### Exercise description
Please print every record that follows, keeping each one exactly as it is.

### Extracted data entries
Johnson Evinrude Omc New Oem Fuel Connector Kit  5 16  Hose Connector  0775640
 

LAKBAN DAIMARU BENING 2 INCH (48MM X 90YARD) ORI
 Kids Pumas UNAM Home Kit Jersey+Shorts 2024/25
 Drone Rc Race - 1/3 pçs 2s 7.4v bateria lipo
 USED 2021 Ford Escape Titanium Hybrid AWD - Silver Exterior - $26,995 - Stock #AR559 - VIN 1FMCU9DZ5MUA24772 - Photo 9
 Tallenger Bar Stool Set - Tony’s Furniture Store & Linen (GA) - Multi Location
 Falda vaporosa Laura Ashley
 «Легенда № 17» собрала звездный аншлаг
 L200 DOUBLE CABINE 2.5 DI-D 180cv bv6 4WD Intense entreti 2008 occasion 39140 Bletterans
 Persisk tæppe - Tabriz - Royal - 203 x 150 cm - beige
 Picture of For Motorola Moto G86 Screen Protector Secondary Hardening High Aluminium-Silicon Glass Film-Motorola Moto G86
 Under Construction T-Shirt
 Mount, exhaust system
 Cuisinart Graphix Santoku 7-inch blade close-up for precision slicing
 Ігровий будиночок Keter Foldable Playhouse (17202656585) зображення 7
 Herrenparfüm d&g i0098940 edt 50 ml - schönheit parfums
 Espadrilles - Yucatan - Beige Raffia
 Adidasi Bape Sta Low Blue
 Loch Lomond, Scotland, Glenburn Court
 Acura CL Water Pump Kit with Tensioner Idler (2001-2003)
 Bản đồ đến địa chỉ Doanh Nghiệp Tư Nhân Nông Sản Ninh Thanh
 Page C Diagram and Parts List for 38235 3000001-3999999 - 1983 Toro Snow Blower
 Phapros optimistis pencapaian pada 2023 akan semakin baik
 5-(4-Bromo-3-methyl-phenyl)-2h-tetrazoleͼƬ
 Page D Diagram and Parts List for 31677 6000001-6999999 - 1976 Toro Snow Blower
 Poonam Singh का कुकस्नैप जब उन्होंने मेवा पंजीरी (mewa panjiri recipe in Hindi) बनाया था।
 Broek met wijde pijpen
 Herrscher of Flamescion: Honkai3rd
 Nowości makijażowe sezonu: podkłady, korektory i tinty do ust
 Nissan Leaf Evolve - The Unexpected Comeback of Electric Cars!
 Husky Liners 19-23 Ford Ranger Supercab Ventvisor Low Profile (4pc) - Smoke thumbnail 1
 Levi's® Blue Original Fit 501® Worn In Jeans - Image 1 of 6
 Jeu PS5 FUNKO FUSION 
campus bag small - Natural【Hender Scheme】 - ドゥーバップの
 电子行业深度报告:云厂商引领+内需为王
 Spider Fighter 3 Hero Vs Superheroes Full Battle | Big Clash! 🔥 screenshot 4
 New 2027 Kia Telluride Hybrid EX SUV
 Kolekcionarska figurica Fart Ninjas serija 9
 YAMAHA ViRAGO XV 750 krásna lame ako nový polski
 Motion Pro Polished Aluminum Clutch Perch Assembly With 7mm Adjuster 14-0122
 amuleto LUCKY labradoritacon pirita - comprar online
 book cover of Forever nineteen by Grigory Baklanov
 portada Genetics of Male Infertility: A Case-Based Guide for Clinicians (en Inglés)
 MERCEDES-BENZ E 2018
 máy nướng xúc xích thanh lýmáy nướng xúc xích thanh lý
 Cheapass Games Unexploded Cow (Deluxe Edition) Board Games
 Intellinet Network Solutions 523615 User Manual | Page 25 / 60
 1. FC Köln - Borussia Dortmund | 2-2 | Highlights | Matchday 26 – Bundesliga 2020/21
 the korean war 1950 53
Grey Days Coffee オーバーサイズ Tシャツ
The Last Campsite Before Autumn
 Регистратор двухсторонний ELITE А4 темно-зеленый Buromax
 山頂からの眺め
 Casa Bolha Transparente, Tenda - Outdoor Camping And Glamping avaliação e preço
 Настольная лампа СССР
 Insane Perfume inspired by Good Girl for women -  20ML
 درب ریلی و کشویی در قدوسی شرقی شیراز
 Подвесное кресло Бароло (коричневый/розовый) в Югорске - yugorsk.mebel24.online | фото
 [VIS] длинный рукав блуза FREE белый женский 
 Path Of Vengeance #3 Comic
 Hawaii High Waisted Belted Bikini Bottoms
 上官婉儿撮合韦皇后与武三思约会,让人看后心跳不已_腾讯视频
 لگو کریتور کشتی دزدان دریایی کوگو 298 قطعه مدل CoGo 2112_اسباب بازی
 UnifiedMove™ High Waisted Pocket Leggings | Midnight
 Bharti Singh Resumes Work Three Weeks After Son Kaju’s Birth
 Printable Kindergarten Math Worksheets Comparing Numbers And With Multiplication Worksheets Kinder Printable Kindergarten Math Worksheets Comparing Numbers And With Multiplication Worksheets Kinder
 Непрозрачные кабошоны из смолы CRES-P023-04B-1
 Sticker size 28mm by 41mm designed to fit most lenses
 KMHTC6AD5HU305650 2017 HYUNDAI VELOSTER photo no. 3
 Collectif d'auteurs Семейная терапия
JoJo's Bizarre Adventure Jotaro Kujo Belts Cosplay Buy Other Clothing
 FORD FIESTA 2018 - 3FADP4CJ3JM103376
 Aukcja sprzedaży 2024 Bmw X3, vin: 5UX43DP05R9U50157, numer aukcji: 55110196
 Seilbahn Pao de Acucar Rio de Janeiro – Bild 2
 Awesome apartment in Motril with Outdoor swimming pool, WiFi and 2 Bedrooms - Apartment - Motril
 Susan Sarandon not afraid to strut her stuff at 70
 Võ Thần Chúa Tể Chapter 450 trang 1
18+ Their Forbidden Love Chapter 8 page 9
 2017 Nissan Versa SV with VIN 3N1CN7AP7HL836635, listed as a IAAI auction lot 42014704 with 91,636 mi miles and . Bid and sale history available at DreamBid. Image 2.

### Output of the task
Johnson Evinrude Omc New Oem Fuel Connector Kit  5 16  Hose Connector  0775640
 

LAKBAN DAIMARU BENING 2 INCH (48MM X 90YARD) ORI
 Kids Pumas UNAM Home Kit Jersey+Shorts 2024/25
 Drone Rc Race - 1/3 pçs 2s 7.4v bateria lipo
 USED 2021 Ford Escape Titanium Hybrid AWD - Silver Exterior - $26,995 - Stock #AR559 - VIN 1FMCU9DZ5MUA24772 - Photo 9
 Tallenger Bar Stool Set - Tony’s Furniture Store & Linen (GA) - Multi Location
 Falda vaporosa Laura Ashley
 «Легенда № 17» собрала звездный аншлаг
 L200 DOUBLE CABINE 2.5 DI-D 180cv bv6 4WD Intense entreti 2008 occasion 39140 Bletterans
 Persisk tæppe - Tabriz - Royal - 203 x 150 cm - beige
 Picture of For Motorola Moto G86 Screen Protector Secondary Hardening High Aluminium-Silicon Glass Film-Motorola Moto G86
 Under Construction T-Shirt
 Mount, exhaust system
 Cuisinart Graphix Santoku 7-inch blade close-up for precision slicing
 Ігровий будиночок Keter Foldable Playhouse (17202656585) зображення 7
 Herrenparfüm d&g i0098940 edt 50 ml - schönheit parfums
 Espadrilles - Yucatan - Beige Raffia
 Adidasi Bape Sta Low Blue
 Loch Lomond, Scotland, Glenburn Court
 Acura CL Water Pump Kit with Tensioner Idler (2001-2003)
 Bản đồ đến địa chỉ Doanh Nghiệp Tư Nhân Nông Sản Ninh Thanh
 Page C Diagram and Parts List for 38235 3000001-3999999 - 1983 Toro Snow Blower
 Phapros optimistis pencapaian pada 2023 akan semakin baik
 5-(4-Bromo-3-methyl-phenyl)-2h-tetrazoleͼƬ
 Page D Diagram and Parts List for 31677 6000001-6999999 - 1976 Toro Snow Blower
 Poonam Singh का कुकस्नैप जब उन्होंने मेवा पंजीरी (mewa panjiri recipe in Hindi) बनाया था।
 Broek met wijde pijpen
 Herrscher of Flamescion: Honkai3rd
 Nowości makijażowe sezonu: podkłady, korektory i tinty do ust
 Nissan Leaf Evolve - The Unexpected Comeback of Electric Cars!
 Husky Liners 19-23 Ford Ranger Supercab Ventvisor Low Profile (4pc) - Smoke thumbnail 1
 Levi's® Blue Original Fit 501® Worn In Jeans - Image 1 of 6
 Jeu PS5 FUNKO FUSION 
campus bag small - Natural【Hender Scheme】 - ドゥーバップの
 电子行业深度报告:云厂商引领+内需为王
 Spider Fighter 3 Hero Vs Superheroes Full Battle | Big Clash! 🔥 screenshot 4
 New 2027 Kia Telluride Hybrid EX SUV
 Kolekcionarska figurica Fart Ninjas serija 9
 YAMAHA ViRAGO XV 750 krásna lame ako nový polski
 Motion Pro Polished Aluminum Clutch Perch Assembly With 7mm Adjuster 14-0122
 amuleto LUCKY labradoritacon pirita - comprar online
 book cover of Forever nineteen by Grigory Baklanov
 portada Genetics of Male Infertility: A Case-Based Guide for Clinicians (en Inglés)
 MERCEDES-BENZ E 2018
 máy nướng xúc xích thanh lýmáy nướng xúc xích thanh lý
 Cheapass Games Unexploded Cow (Deluxe Edition) Board Games
 Intellinet Network Solutions 523615 User Manual | Page 25 / 60
 1. FC Köln - Borussia Dortmund | 2-2 | Highlights | Matchday 26 – Bundesliga 2020/21
 the korean war 1950 53
Grey Days Coffee オーバーサイズ Tシャツ
The Last Campsite Before Autumn
 Регистратор двухсторонний ELITE А4 темно-зеленый Buromax
 山頂からの眺め
 Casa Bolha Transparente, Tenda - Outdoor Camping And Glamping avaliação e preço
 Настольная лампа СССР
 Insane Perfume inspired by Good Girl for women -  20ML
 درب ریلی و کشویی در قدوسی شرقی شیراز
 Подвесное кресло Бароло (коричневый/розовый) в Югорске - yugorsk.mebel24.online | фото
 [VIS] длинный рукав блуза FREE белый женский 
 Path Of Vengeance #3 Comic
 Hawaii High Waisted Belted Bikini Bottoms
 上官婉儿撮合韦皇后与武三思约会,让人看后心跳不已_腾讯视频
 لگو کریتور کشتی دزدان دریایی کوگو 298 قطعه مدل CoGo 2112_اسباب بازی
 UnifiedMove™ High Waisted Pocket Leggings | Midnight
 Bharti Singh Resumes Work Three Weeks After Son Kaju’s Birth
 Printable Kindergarten Math Worksheets Comparing Numbers And With Multiplication Worksheets Kinder Printable Kindergarten Math Worksheets Comparing Numbers And With Multiplication Worksheets Kinder
 Непрозрачные кабошоны из смолы CRES-P023-04B-1
 Sticker size 28mm by 41mm designed to fit most lenses
 KMHTC6AD5HU305650 2017 HYUNDAI VELOSTER photo no. 3
 Collectif d'auteurs Семейная терапия
JoJo's Bizarre Adventure Jotaro Kujo Belts Cosplay Buy Other Clothing
 FORD FIESTA 2018 - 3FADP4CJ3JM103376
 Aukcja sprzedaży 2024 Bmw X3, vin: 5UX43DP05R9U50157, numer aukcji: 55110196
 Seilbahn Pao de Acucar Rio de Janeiro – Bild 2
 Awesome apartment in Motril with Outdoor swimming pool, WiFi and 2 Bedrooms - Apartment - Motril
 Susan Sarandon not afraid to strut her stuff at 70
 Võ Thần Chúa Tể Chapter 450 trang 1
18+ Their Forbidden Love Chapter 8 page 9
 2017 Nissan Versa SV with VIN 3N1CN7AP7HL836635, listed as a IAAI auction lot 42014704 with 91,636 mi miles and . Bid and sale history available at DreamBid. Image 2.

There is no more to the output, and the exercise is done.